Training Results Demonstration

Run the following command:

python pretrain.py

You will see the training logs as shown below. Since the training takes a long time, it is recommended to use tmux to hold the training task.

terminal

You can view the final training results on SwanLab:

log

Using the Trained Model for Inference

Generate content starting with "人工智能" using the following code:

python
pipe = transformers.pipeline("text-generation", model=model, tokenizer=tokenizer)
print("GENERATE:", pipe("人工智能", num_return_sequences=1)[0]["generated_text"])

Inference results are as follows:

(The model is still training; you can check the training progress and inference results in real-time at https://swanlab.cn/@ShaohonChen/WikiLLM/overview)
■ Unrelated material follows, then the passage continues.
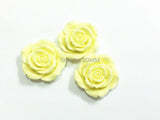 42MM 50pcs/lot Beige Resin Flower Beads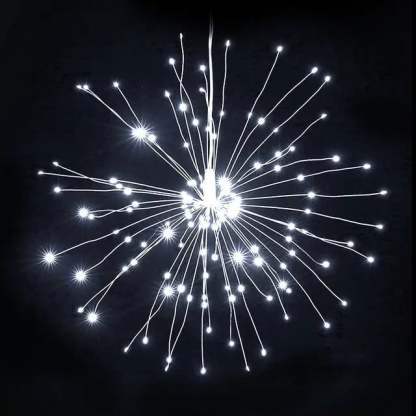 🎄Hanging Starburst Fairy Lights for Christmas-Claire Custom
Using SwanLab Launch to Train on Remote GPUs

INFO

Ensure the swanlab version is 0.3.19

Pretraining LLMs requires significant GPU compute power and memory. This article recommends using SwanLab Launch to leverage cloud GPUs for pretraining.

First, upload the dataset using the swanlab upload -n WIKI_CN WIKI_CN command:

upload

After uploading, you will receive the dataset ID (as shown below):

upload

You can also use swanlab task list to view the uploaded dataset ID:

show_id

Refer to the SwanLab Launch official documentation to create a swanlab.yaml file locally and enter the following information:

yaml
apiVersion: swanlab/v1
kind: Folder
metadata:
  name: WikiLLM
  desc: Pretrain LLM using wiki data
spec:
  python: "3.10"
  entry: "pretrain.py"
  volumes:
    - name: "WIKI_CN"
      id: "<replace with the corresponding dataset ID>"
  exclude:
    - "WIKI_CN"

Start remote training with the following command:

bash
swanlab launch -f swanlab.yaml

This will start remote training! You can track the remote experiment logs on SwanLab.